Input: Begin
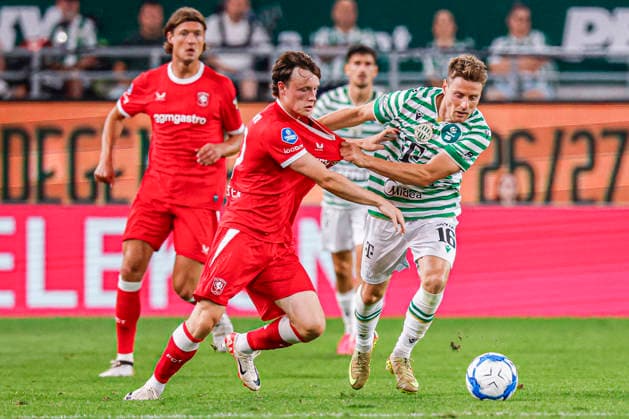 BUDAPEST, HUNGARY - JULY 30: Kristoffer Zachariassen of Ferencvaros battles for possession with Sondre Orjasaeter of FC Twente during the UEFA Europa League 2026 27 Second Qualifying Round Second Leg match between Ferencvaros and FC Twente at Groupama Arena on July 30, 2026 in Budapest, Hungary.  Copyright: xMTB-Photo MB-Mediax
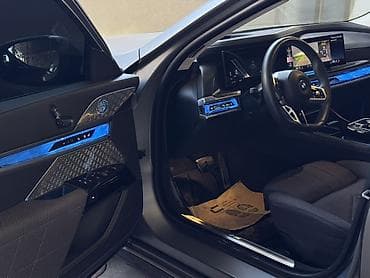 колонка для авто: BMW i7: 2023 г., Электромобиль, Седан — 9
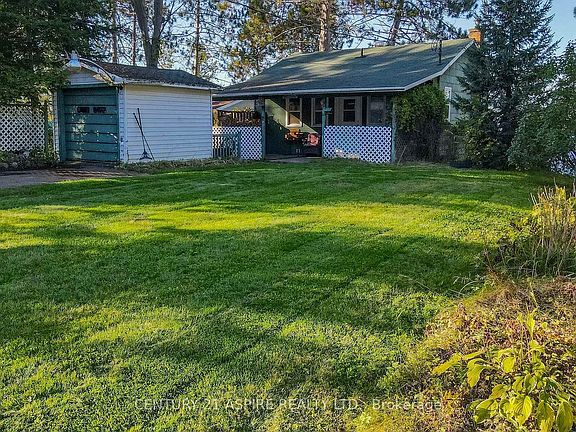 2nd image of 751 Rock Point Ln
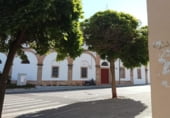 304m² commercial premises for sale in Cáceres, in the area of The Zambomba, Calle Ángel Fernández photo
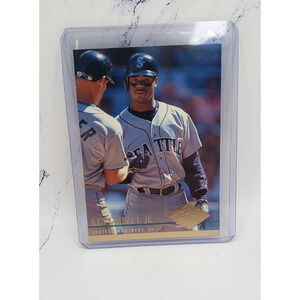1994 Fleer Ultra #120 Ken Griffey, Jr. - Seattle Mariners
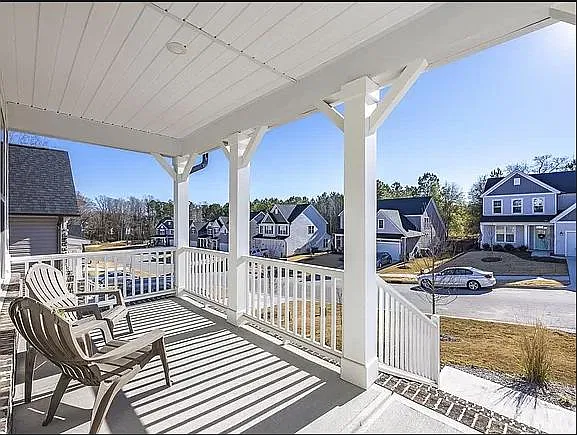 4 bed, 2505 sqft, $2,350 — Photo 3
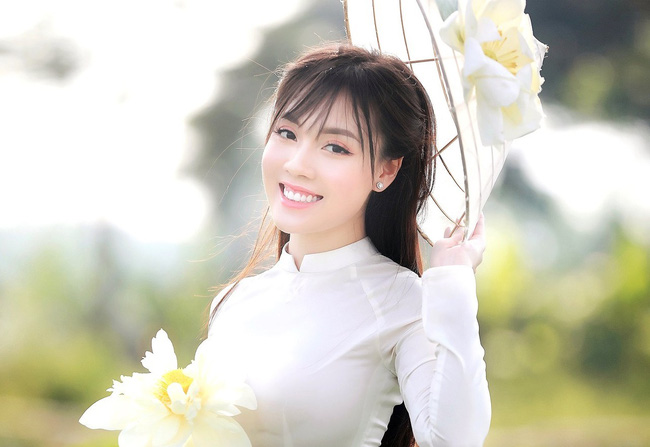 Giữa làn sóng 'Thương chị!', hot girl 3 đời chồng Chu Hằng bỗng quay sang tố ngược Âu Hà My khinh người, bị cắm sừng là... nghiệp quật? - 5 Giữa làn sóng 'Thương chị!', hot girl 3 đời chồng Chu Hằng bỗng quay sang tố ngược Âu Hà My khinh người, bị cắm sừng là... nghiệp quật? - 5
Input: End
Could you reproduce the entries verbatim, leaving out all pictures?

• **Result**
 BUDAPEST, HUNGARY - JULY 30: Kristoffer Zachariassen of Ferencvaros battles for possession with Sondre Orjasaeter of FC Twente during the UEFA Europa League 2026 27 Second Qualifying Round Second Leg match between Ferencvaros and FC Twente at Groupama Arena on July 30, 2026 in Budapest, Hungary.  Copyright: xMTB-Photo MB-Mediax
 колонка для авто: BMW i7: 2023 г., Электромобиль, Седан — 9
 2nd image of 751 Rock Point Ln
 304m² commercial premises for sale in Cáceres, in the area of The Zambomba, Calle Ángel Fernández photo
1994 Fleer Ultra #120 Ken Griffey, Jr. - Seattle Mariners
 4 bed, 2505 sqft, $2,350 — Photo 3
 Giữa làn sóng 'Thương chị!', hot girl 3 đời chồng Chu Hằng bỗng quay sang tố ngược Âu Hà My khinh người, bị cắm sừng là... nghiệp quật? - 5 Giữa làn sóng 'Thương chị!', hot girl 3 đời chồng Chu Hằng bỗng quay sang tố ngược Âu Hà My khinh người, bị cắm sừng là... nghiệp quật? - 5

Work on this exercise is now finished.